Illustré de grandes photos pleine page, il revient sur la gestion du trauma urbain laissé par la démolition du quartier Nord. Les premières pistes de réflexion activées par le projet Hybrid Business Districs qui a vu pendant un an les plateaux désertés, occupés et loués à des écoles d'architecture, bureaux d'urbanisme, associations de quartier et autres structures associatives à qui l'on demandait, en échange d'un loyer très modeste, d'offrir leurs compétences et leurs services aux autres occupants et aux habitants du quartier.
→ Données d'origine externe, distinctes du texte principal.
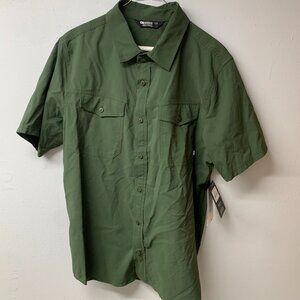 Outdoor Research Men's Wanderer Short Sleeve Button Down - Green - Large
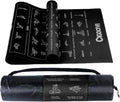 Instructional Travel Yoga Mat with 75 Poses for Beginners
Le nouveau bâtiment, baptisé ZIN, est construit sur la structure des anciennes tours, réunies par un nouveau volume dont les plateaux s'insèrent « en zèbre » dans ceux des deux tours. Le nombre d'étages de ce nouveau volume est divisé par deux, offrant le double de hauteur de plafond et un maximum de flexibilité. Le bâtiment est aussi exemplaire sur les économies d'énergie et dans son engagement sur la circularité à travers le réemploi et le choix des matériaux (93 % de recyclage et de réemploi), mais aussi dans la réversibilité des espaces pour permettre tous les futurs changements.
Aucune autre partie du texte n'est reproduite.